Khaite has an epic name, a Greek word from antiquity that means “long, flowing locks” (it turns up in a few distinctly un-cheery passages of Homer; before the battle of Troy, Agamemnon “pulled his khaite by the very roots in appeal to Zeus”). But the name of the fashion house is also a play on the name of the company’s founder, Cate Holstein, who was already a fashion-world veteran with her own short-lived eponymous label and stints at Vera Wang and the Gap before she launched Khaite in 2016. The clothes are casual, forthright, yet decidedly expensive-looking; worn by celebrities such as Selena Gomez and Kaia Gerber; and won her the 2022 CFDA American Womenswear Designer of the Year. To my admittedly untrained eye, they look a little like what female snipers might wear if Sweden launched an assassination campaign. To more seasoned fashion insiders, Khaite’s vibe is “just really hot and sexy and cool” for a woman who “cares but doesn’t care too, too much.”

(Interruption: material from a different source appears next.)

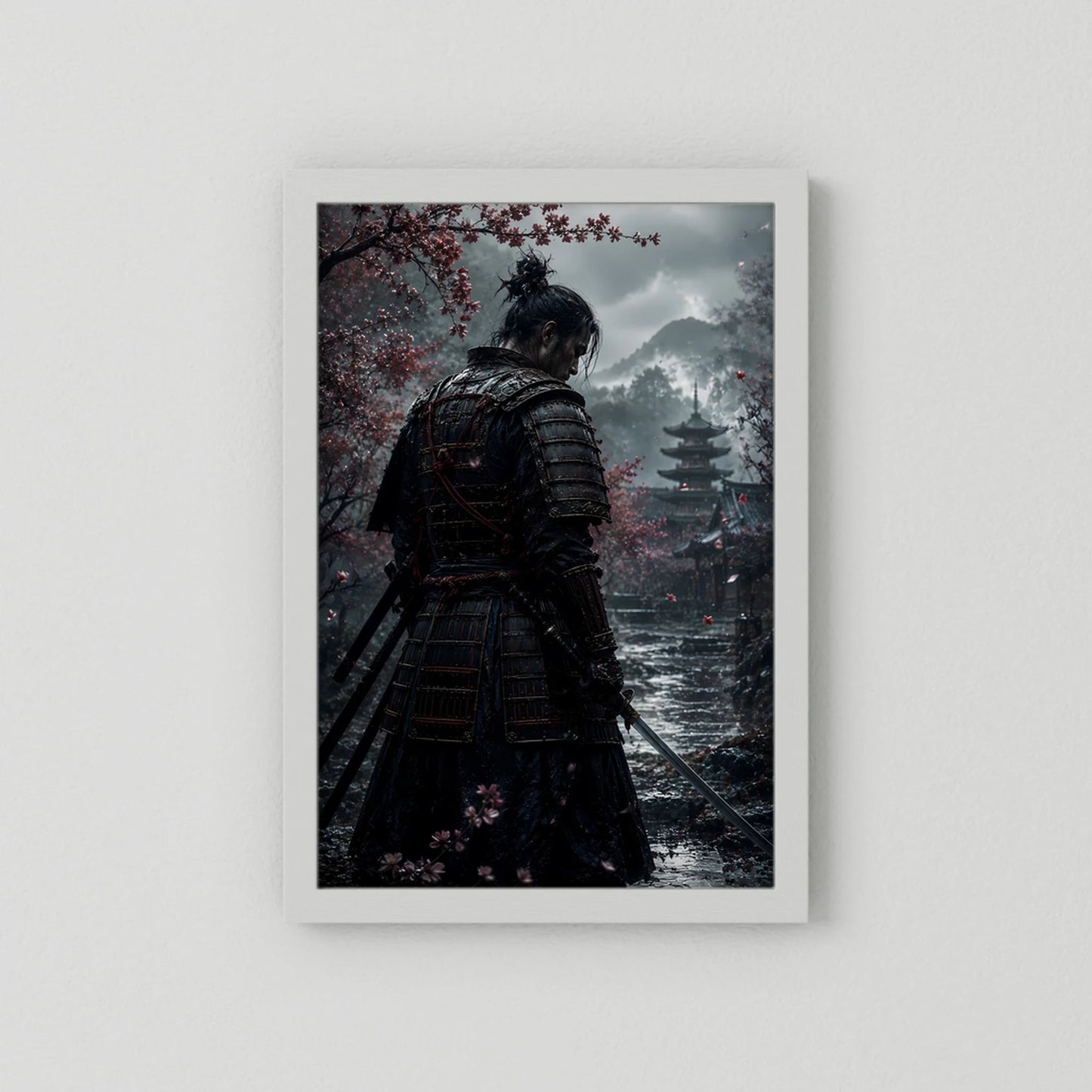 Poster mit weißem Rahmen: Samurai in dunkler Rüstung vor Kirschblüten und Pagode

But if the clothes are meant to look effortless, the store is a far more labored affair. It’s the work of Griffin Frazen, an architect and designer who works under his own banner as well as with the creative agency 11th House. It seems fitting that he has mostly specialized in film sets and exhibitions for the likes of Grimes, Dior, and Thom Yorke; he is also, crucially, Holstein’s husband and the father of her first child, who arrived last month. Only a few weeks prior, the duo had put the final touches on the Mercer interior, just in time to host Khaite’s fall-winter Fashion Week show in February.

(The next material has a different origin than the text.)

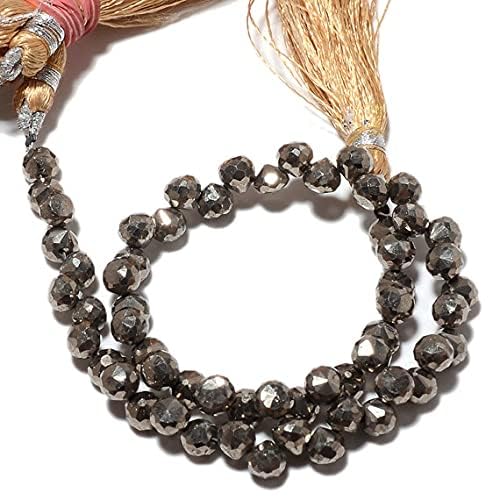 Perles pyrite oignon 6mm sur fil pour atelier diy de colliers bohèmes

In designing the store, his first commercial project, Frazen seems to have borrowed from the greats. The interior, especially the light channel leading to a tree planted at the end of the store, resembles the work of Tadao Ando, especially his Milan exhibition space for Giorgio Armani. Its massive curling steel partitions seem to be an obvious nod to Richard Serra — an appropriate reference given the sculptor’s longtime connection to the Soho neighborhood. But while Serra’s and Ando’s broody theatrics both rely on extravagant (and pricey) hunks of rusty Cor-Ten and poured-in-place concrete, Frazen manages to conjure a similar mood with a lot more material economy. Those bulky cement-and-aggregate pillars? Hand-troweled plaster over a thin concrete-and-fiberglass sleeve. Those solid metal screens? Welded steel frames with steel panels fastened onto them. Carving the store out of a former garage, the designer discovered skylights toward the western end; opening them up, he let in just enough natural light to see the shoes and bags, allowing the original building to do some of the work. As for the shopping experience, Frazen has tucked the footwear and dresses into recessed niches and isolated them in metal frames, which gives each item an almost totemic aspect.

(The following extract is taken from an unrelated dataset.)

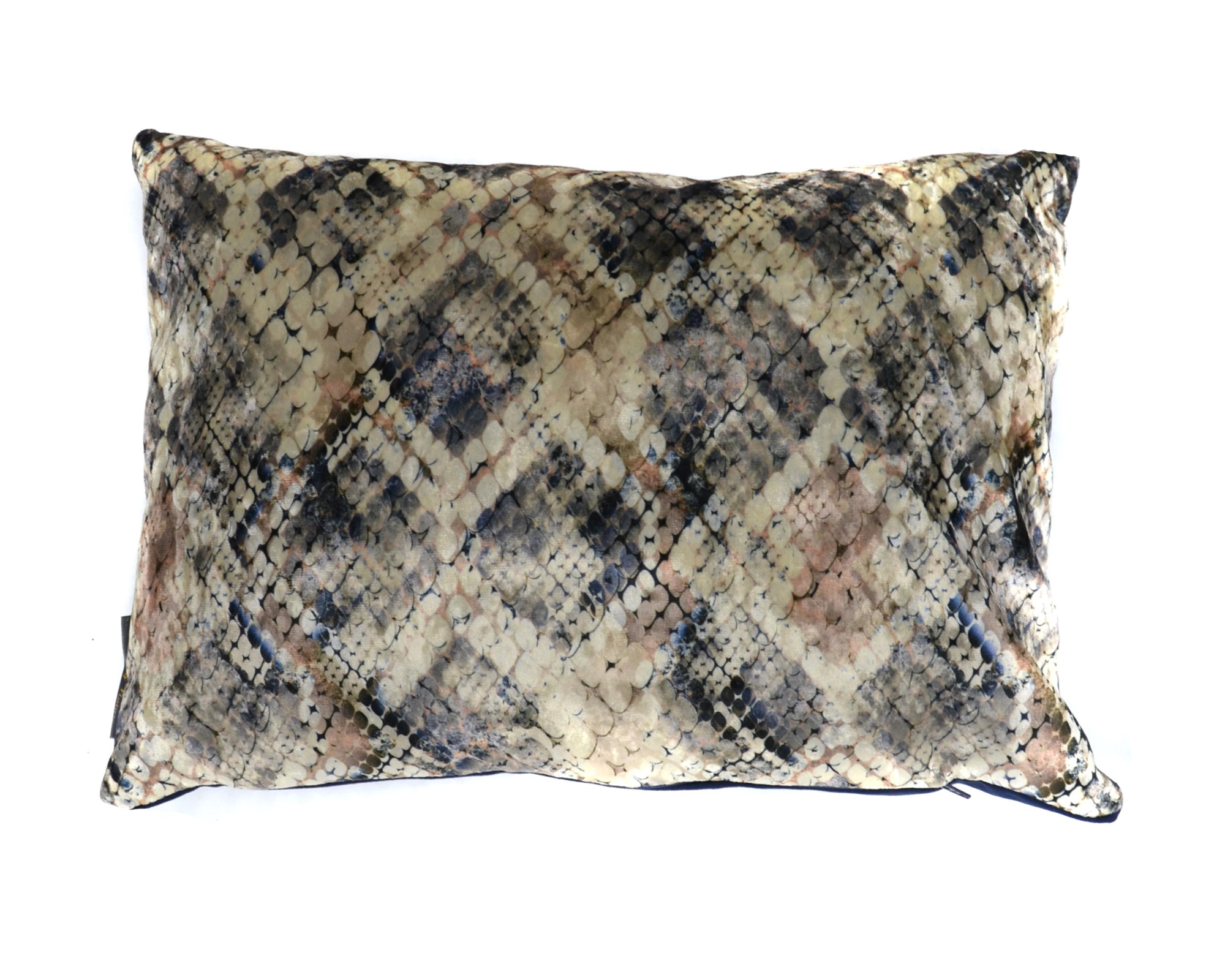 Kussen velvet wilde slangenhuid Kussen velvet slangenhuid 50 x 35 cm beige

Budget brutalism may seem like a weird move for a business founded on comfy exclusivity. But it kind of works, amplifying the undercurrent of Gothic menace behind Khaite’s oh-this-old-thing nonchalance. And terror isn’t a bad thing in high-end retail — before shelling out $2,700 for the slouchy Lotus bag or $720 for the black leather Meadow flats, it may help if the consumer is properly cowed, or at least thoroughly disoriented, jolted out of the mid-century-aesthetic fog of most other shopping experiences. It’s a glamorous, unnerving experience.